Frame Your Life Stories
The journey to authentic leadership begins with understanding your life story, which provides a context for your experiences. Your story is powered by experiences that can help you inspire others and influence them to follow your lead.
That said, life stories are not always pretty. While most of us can reframe negative experiences in a positive light, authenticity requires us to face up to our mistakes and failures. An honest appraisal may prove uncomfortable, but it’s necessary for self-improvement. It also paves the way for authenticity and resilience.
Practice Your Values and Principles
The values that form the basis for authentic leadership are derived from your beliefs and convictions, but you cannot truly know them until they’re tested under pressure.
Leadership principles are values translated into action. Without action that supports your stated values, you cannot be authentic. The hard decisions you make reflect what you truly value.
Balance Your Extrinsic and Intrinsic Motivations
If you’re like most leaders, you may be reluctant to admit that you measure your success against the outside world’s parameters. You enjoy the recognition and status that come with promotions and financial rewards.
But intrinsic motivations are derived from your life’s meaning and purpose. They’re closely linked to your life story and how you frame it (i.e., personal growth, helping other people develop, social causes, making a difference in the world).
Authenticity requires you to balance your desire for external validation with the intrinsic motivations that provide fulfillment at work.
Build Your Support Team
Authentic leaders build extraordinary support teams to help them stay on course. Team members provide counsel in times of uncertainty, offer extra assistance in difficult times and share in celebrations of success.
Support teams consist of spouses and families, close friends and colleagues, and mentors and coaches. Leaders must give as much to their supporters as they receive from them. Only then can mutually beneficial relationships develop.
Develop as an Authentic Leader
In “Your Development as an Authentic Leader” (Harvard Business Review, February 2007), Bill George, Peter Sims, Andrew N. McLean and Diana Mayer urge leaders to ask themselves the following questions:
1. Which people and experiences in your early life had the greatest impact on you?

2. Which tools do you use to become self-aware?
What is your authentic self?
In which moments do you say to yourself, “This is the real me?”
3. Name your most deeply held values.
Where did they come from?
Have your values changed significantly since your childhood?
How do your values inform your actions?
4. What motivates you extrinsically?
What are your intrinsic motivations?
How do you balance extrinsic and intrinsic motivations?
5. What kind of support team do you have?
How can your support team make you a more authentic leader?
How should you diversify your team to broaden your perspective?
6. Is your life integrated?
Are you able to be the same person in all aspects of your life (personal, work, family and community)?
If not, what’s holding you back?
7. What does authenticity mean in your life?
Are you a more effective leader when you behave authentically?
Have you ever paid a price for your authenticity?
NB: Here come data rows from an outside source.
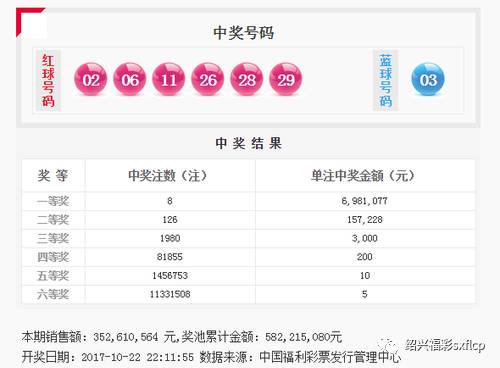 王中王72396.cσm查询单双八尾,快速计划设计解析_Windows88.497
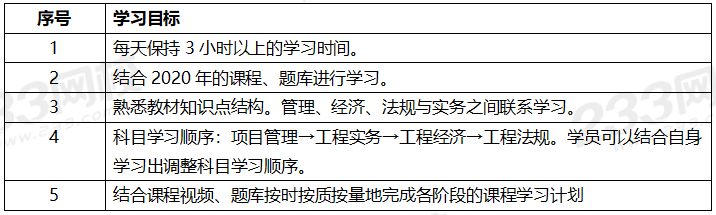 2020年一級建造師考試機電專業全科學習計劃.png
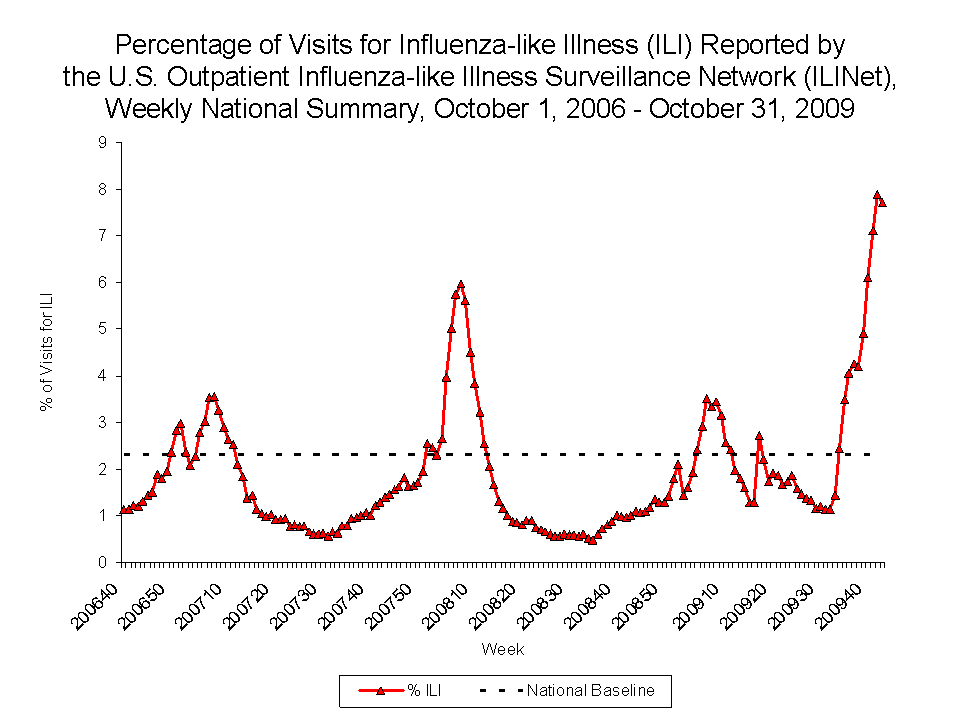 Percentage of Visits for Influenza-like Illness Reported by Sentinel Providers, National Summary, 2009-10 and Previous 2 Seasons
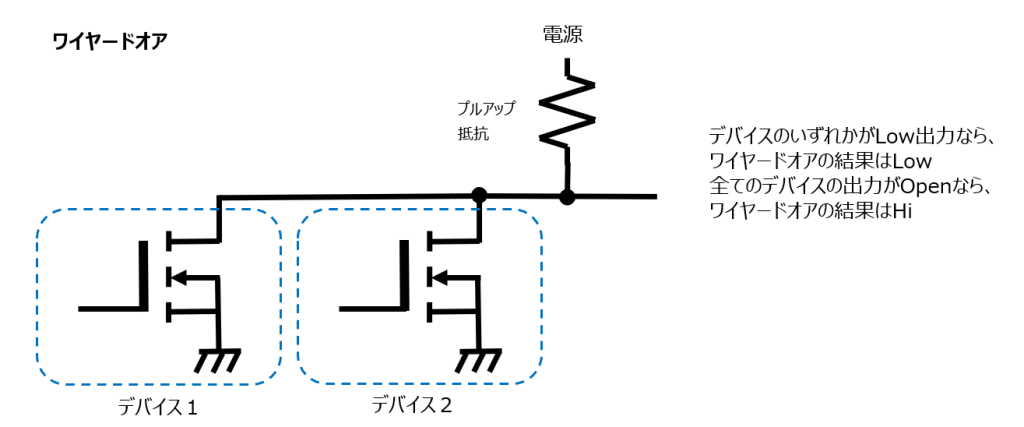 ワイヤードオア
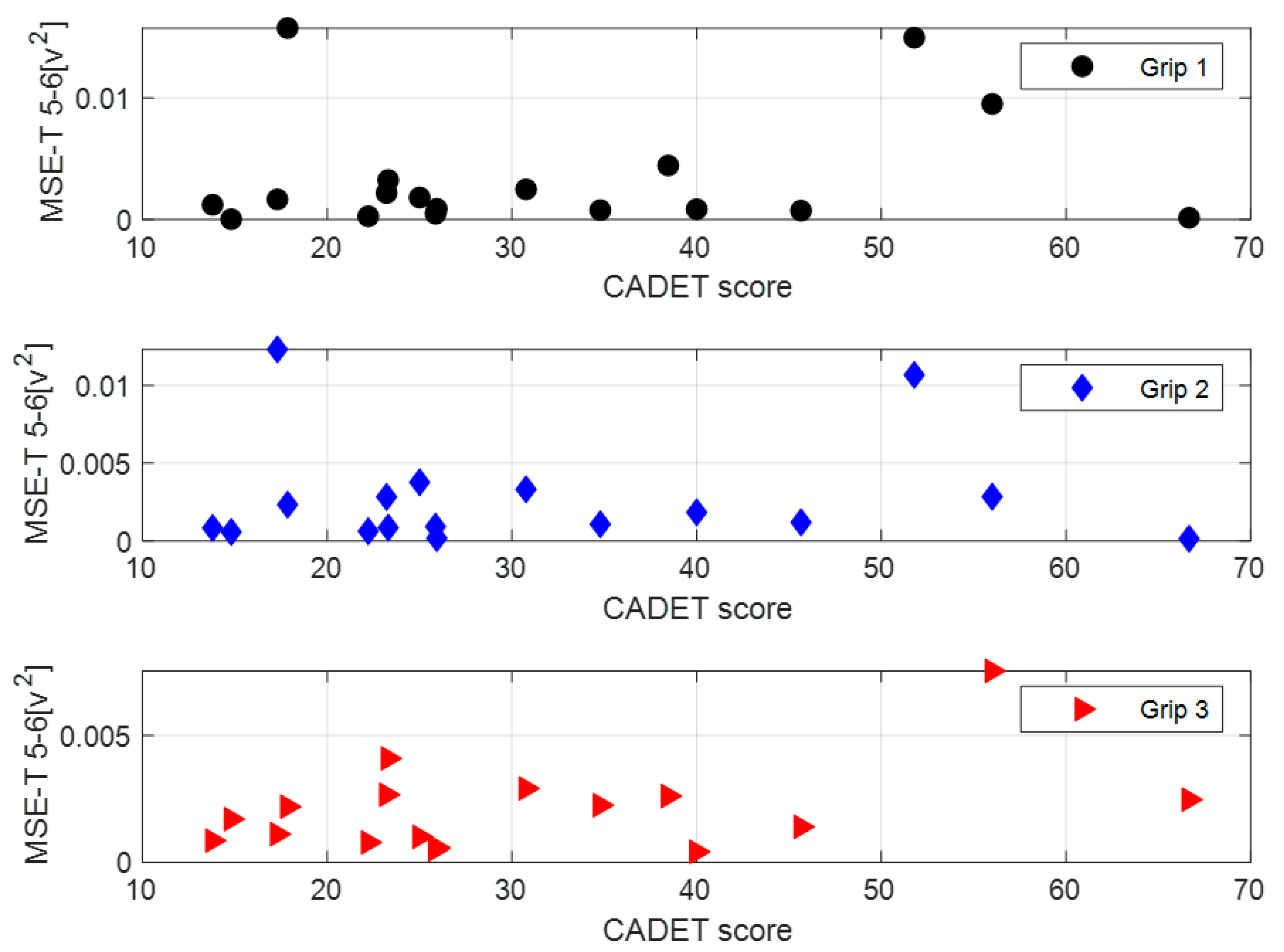 Sensors 24 04854 g004 Sensors 24 04854 g004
Was it worth it?
8. What steps can you take today, tomorrow and over the next year to develop authentic leadership?
Authentic leaders demonstrate a passion for their purpose, practice their values consistently, and lead with their hearts and heads. They establish long-term, meaningful relationships and have the self-discipline to get results. They know who they are.
Ultimately, superior results over a sustained period make for an authentic leader. It may be possible to drive short-term outcomes without being authentic, but authentic leadership is the only way we know to create sustainable long-term results.